Another cushion is this bogey of foreign employment. House maids and unskilled labour are sent abroad for employment, with horrendous social consequences, by economic managers, who use their hard-earned money to waste on supporting a Government structure which would otherwise be unaffordable.

On top of this, heavy foreign borrowing incurs more debt. And we are in a downward spiral of indebtedness and social degradation. All because of the inability and lack of political will to take the bold decisions necessary steps to reform education and vocational and technical training.

But to be fair, there are some changes, private tuition and international schools are under a regime of benign neglect, education administrators and politicians wish them away, pretend they do not exist, except of course when they have to inveigle the admission of their own progeny!

Government schools are beginning to teach in the English medium, even though there are horrendous teacher shortages. Tertiary level foreign professional courses are allowed to be offered, this is a huge safety valve to cope with the chaos in our universities. Even foreign universities are going to be allowed.

Free education currently is a myth, propagated by self-serving bureaucrats and politicians. Without exception, every parent in Sri Lanka who can afford to – and even those who cannot afford to – beg, borrow or steal and send their children to supplementary classes. Many charities and goodhearted persons provide free classes to poor children who cannot afford private fees for private classes.

Pressing need for further changes

But there is pressing need for further changes, if this 40-year-old curse of mismatch is to be eliminated. In the wider economy, reduce the size of the State; get the State out of everything other than policy, regulation and taxation. Provide space for entrepreneurs and business to create wealth and create jobs.
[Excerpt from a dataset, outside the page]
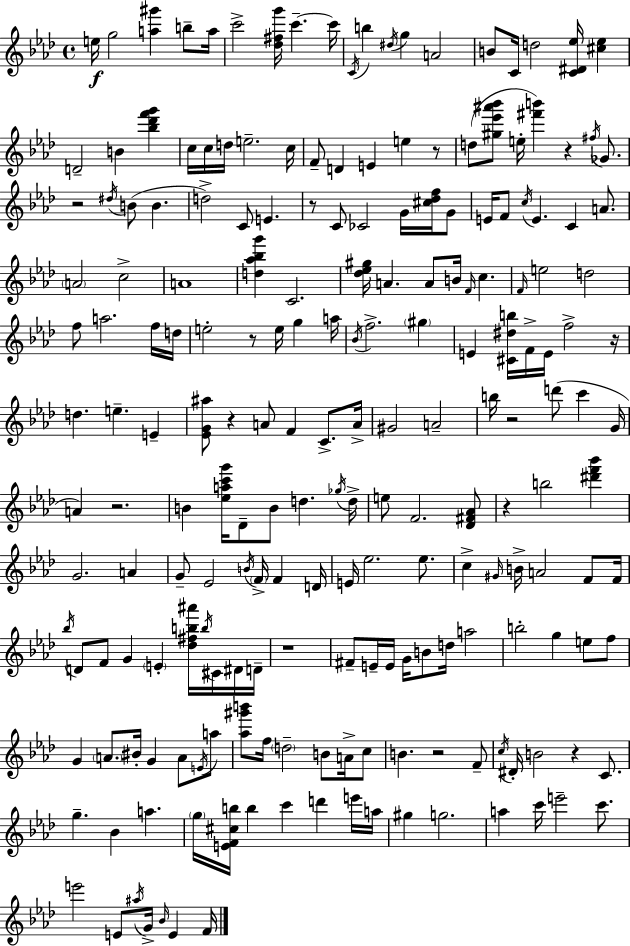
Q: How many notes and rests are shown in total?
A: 204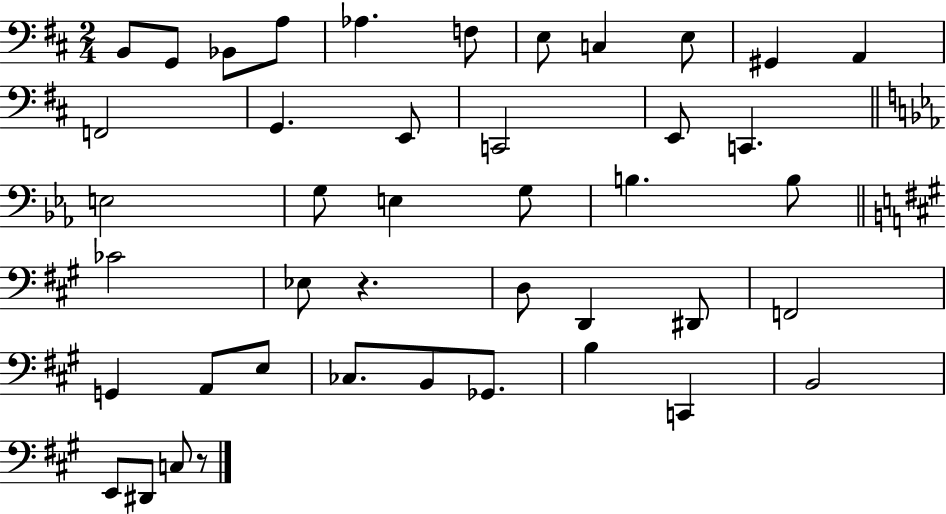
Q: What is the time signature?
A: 2/4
In education, ‘free education’ is well past its ‘sell-by’ date, no one will grudge the vital role it has played in the past. But now, give us ‘freedom in education’. Liberate education policy. Bring education, vocational and technical training totally under the discipline of the market. Allow private schools; repeal the ’61 amendment which banned them. Allow and encourage private teacher training institutes.

We have a unique species in Sri Lanka: ‘untrained teachers,’ untrained in vital pedagogic and psychiatry skills needed to be a real teacher; you do not find the species anywhere else in the world! Same as you do not find untrained neurosurgeons, neither here nor anywhere else in the world! But we entrust our children to them! We must be a brave nation! But there is hope, the Indians the other day found untrained airline pilots! Only in South Asia!

Cluster schools and set up elected regional boards of education and vest the authority for running schools in the boards. Give clusters full autonomy in recruitment of teachers. Set up a strong, autonomous National Education Inspectorate, to hold the school boards accountable for their services.

Divide the education budget by the number of students, and give the per capita amount per every school child in a Government school. National schools which take a disproportionate amount of the money presently will have to do their own fundraising to fund the deficit. These are bold changes.

Bravery needed

Recently in a BBC talk on the unrest in the Maghreb countries there was a comment on asking ‘politicians to be brave,’ that it amounts to asking them to ‘commit suicide,’ in a populist democracy! This is especially true of our sacred cow of education.

But we need brave politicians and bureaucrats to reform the sector. Maybe even a benign dictator, so that there may be a whisker of hope! Otherwise we will be mismatching on merrily into the future, betraying generation after generation, as we have been doing for the last four decades, even after Professor Seers identified and banded the problem! The people who perpetuate this mismatch are the serial traitors.